== INFORMATION PROVIDED ==
--

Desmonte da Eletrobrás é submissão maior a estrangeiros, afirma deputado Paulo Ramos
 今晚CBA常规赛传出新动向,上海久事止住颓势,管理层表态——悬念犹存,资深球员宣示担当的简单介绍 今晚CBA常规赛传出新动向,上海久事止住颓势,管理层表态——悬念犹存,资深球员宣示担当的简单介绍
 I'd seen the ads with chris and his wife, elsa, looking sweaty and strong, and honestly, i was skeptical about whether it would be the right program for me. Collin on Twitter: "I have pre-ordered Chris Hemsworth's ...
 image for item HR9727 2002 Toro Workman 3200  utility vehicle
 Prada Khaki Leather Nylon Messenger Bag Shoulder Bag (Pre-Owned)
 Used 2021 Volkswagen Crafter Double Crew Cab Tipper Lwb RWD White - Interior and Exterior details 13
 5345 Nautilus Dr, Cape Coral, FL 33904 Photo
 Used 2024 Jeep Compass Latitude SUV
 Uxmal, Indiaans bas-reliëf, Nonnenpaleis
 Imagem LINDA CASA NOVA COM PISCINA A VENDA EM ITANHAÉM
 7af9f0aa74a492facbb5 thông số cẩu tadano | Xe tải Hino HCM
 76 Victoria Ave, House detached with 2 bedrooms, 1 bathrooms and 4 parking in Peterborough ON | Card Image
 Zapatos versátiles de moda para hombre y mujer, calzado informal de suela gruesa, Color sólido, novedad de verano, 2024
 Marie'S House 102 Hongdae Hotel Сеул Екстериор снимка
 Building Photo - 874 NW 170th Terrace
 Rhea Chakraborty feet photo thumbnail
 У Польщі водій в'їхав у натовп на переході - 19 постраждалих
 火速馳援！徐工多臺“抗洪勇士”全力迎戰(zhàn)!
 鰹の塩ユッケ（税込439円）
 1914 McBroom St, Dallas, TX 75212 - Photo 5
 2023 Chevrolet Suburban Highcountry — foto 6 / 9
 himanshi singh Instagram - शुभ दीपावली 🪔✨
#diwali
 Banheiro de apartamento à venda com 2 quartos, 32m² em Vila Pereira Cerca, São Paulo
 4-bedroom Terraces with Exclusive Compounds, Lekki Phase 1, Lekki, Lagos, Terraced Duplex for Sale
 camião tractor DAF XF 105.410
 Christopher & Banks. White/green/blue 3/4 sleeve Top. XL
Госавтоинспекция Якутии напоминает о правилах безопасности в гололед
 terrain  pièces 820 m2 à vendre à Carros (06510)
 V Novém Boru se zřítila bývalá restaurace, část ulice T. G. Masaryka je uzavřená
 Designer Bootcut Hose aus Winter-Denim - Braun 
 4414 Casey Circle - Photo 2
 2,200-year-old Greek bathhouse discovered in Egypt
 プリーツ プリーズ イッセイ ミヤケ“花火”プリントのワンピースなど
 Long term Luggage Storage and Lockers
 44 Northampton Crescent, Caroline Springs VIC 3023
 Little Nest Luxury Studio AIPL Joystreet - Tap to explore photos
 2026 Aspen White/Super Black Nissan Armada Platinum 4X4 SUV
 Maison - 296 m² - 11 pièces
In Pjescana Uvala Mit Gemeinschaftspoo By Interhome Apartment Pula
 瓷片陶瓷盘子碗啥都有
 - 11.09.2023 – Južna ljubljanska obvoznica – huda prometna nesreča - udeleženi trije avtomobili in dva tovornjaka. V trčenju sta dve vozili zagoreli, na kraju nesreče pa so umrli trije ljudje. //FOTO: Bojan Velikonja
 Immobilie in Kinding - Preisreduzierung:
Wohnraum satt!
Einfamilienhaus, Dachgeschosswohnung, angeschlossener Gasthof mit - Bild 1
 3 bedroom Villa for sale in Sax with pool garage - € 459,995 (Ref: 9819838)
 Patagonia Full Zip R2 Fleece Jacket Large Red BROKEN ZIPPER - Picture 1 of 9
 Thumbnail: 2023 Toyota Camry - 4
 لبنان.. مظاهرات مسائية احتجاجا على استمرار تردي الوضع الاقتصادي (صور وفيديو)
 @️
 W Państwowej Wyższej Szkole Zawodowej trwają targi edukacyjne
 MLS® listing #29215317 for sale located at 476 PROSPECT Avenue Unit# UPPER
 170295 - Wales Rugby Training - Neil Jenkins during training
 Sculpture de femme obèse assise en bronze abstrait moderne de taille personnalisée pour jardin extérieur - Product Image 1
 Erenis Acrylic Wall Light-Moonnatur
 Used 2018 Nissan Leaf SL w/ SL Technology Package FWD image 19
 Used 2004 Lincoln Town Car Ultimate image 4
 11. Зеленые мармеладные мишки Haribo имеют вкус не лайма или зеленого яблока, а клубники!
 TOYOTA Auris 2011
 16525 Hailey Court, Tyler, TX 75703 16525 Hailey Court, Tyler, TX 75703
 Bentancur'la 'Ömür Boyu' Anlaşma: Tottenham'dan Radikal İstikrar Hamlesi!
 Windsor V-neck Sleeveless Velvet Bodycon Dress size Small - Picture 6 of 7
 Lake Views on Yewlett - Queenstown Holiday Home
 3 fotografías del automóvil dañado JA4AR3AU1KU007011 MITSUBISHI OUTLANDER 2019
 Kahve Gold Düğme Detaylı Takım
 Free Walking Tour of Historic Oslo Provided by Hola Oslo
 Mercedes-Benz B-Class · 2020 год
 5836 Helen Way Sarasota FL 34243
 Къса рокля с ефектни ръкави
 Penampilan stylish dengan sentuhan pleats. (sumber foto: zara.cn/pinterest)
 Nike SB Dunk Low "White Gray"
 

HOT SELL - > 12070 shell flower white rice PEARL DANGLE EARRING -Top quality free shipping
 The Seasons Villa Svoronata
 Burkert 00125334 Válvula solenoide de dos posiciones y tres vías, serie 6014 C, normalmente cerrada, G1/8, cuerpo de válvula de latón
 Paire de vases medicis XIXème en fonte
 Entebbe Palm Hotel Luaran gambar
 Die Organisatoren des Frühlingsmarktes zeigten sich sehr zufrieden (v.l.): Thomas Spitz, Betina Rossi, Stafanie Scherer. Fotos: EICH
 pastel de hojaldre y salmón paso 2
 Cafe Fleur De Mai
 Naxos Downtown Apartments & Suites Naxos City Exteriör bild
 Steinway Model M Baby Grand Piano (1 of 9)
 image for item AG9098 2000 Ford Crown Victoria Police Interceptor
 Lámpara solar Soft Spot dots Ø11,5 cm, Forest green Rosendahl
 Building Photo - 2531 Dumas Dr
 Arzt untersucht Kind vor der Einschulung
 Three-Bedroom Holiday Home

--

== WORK REQUIRED ==
Please transcribe the data exactly from its first line. End with the line that contains "Prada Khaki Leather".

== SOLUTION TO THE PROBLEM ==
Desmonte da Eletrobrás é submissão maior a estrangeiros, afirma deputado Paulo Ramos
 今晚CBA常规赛传出新动向,上海久事止住颓势,管理层表态——悬念犹存,资深球员宣示担当的简单介绍 今晚CBA常规赛传出新动向,上海久事止住颓势,管理层表态——悬念犹存,资深球员宣示担当的简单介绍
 I'd seen the ads with chris and his wife, elsa, looking sweaty and strong, and honestly, i was skeptical about whether it would be the right program for me. Collin on Twitter: "I have pre-ordered Chris Hemsworth's ...
 image for item HR9727 2002 Toro Workman 3200  utility vehicle
 Prada Khaki Leather Nylon Messenger Bag Shoulder Bag (Pre-Owned)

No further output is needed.